Hard disk drives (HDD)

  • Also called magnetic disk drives, used in computers and laptops.

  • It provides high storage capacity and is cost-effective.

  • Large storage facilities also use this technology.

  • In a computer, it can store operating systems, user data and programs.

  • The disk is made of a magnetic surface, known as a platter

  • Digital data is stored in these magnetic platters

  • The disk can spin at around 7000 revolutions per second

  • Data can be accessed by a number of read-write heads on the surface

  • Moves from centre of disk to edge and back

Latency of HDD

  • Relatively high
  • Latency is defined as the time taken for a specific block of data to rotate around to the read-write head.
  • High latency leads to “not responding” and “please wait” messages increasing in frequency.

Solid State Drives (SSD)

  • The latency is reduced in SSD compared to HDD as there is no read/write head that needs to be moved.
  • Data is stored and retrieved using the electronic properties of NAND chips.
  • This type of memory is used in USB devices to transfer information from one device to another.
  • Data stored in millions of transistors within the chip.

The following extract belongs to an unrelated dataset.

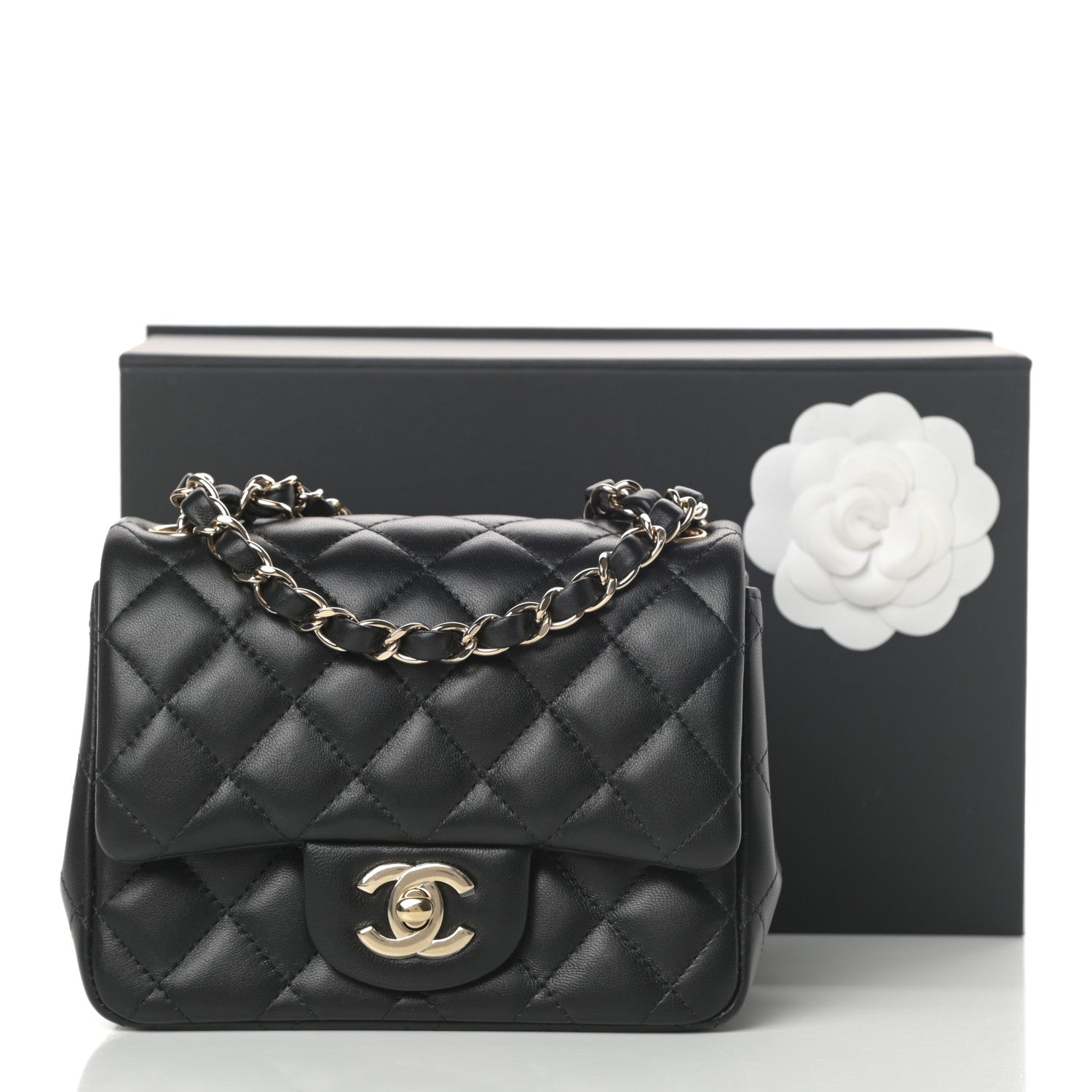 Chanel Lambskin Quilted Mini Square Flap Black 13 of 13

  • SSD have faster speeds but cost more
  • A combination of both can be used, with frequently needed data store on an SSD and less frequently loaded data stored on an HDD.

Optical Storage Systems

  • CD, DVD, Blu-ray discs use optics to store data.

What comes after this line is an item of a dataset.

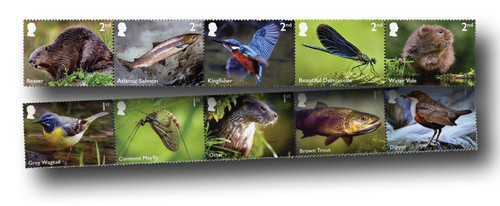 MFN570  - 2023 River Wildlife, 10 Mint Stamps, Great Britain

  • The surface of CDs and DVDs are made of light-sensitive organic dyes or metal alloys.

  • Data is read and written using a laser light.

  • DVDs (4.7 GB) can store large amounts of data compared to CDs (800 MB).

  • Blu-ray discs use blue laser light and can hold up to 50 GB. Used to store music, movies, and games.

  • The time taken to transfer information to these devices is comparatively higher than HDD.

  • After data is stored, it cannot be overwritten. Some do support being overwritten, however it is very limited.

  • The clear plastic layer on the surface allows the laser light to pass through.

  • The colour changes in the dye layer when light falls on it.

Types of memory access

  • Memory can be accessed sequentially or directly. Different devices work in different ways.

Sequential Memory Access

  • Allows user to access data one by one in a sequence.
  • Sequential memory access is slower than direct memory access.
  • Eg, film reel

Direct (Random) Memory Access

  • Any storage location can be accessed at any moment—such as a DVD.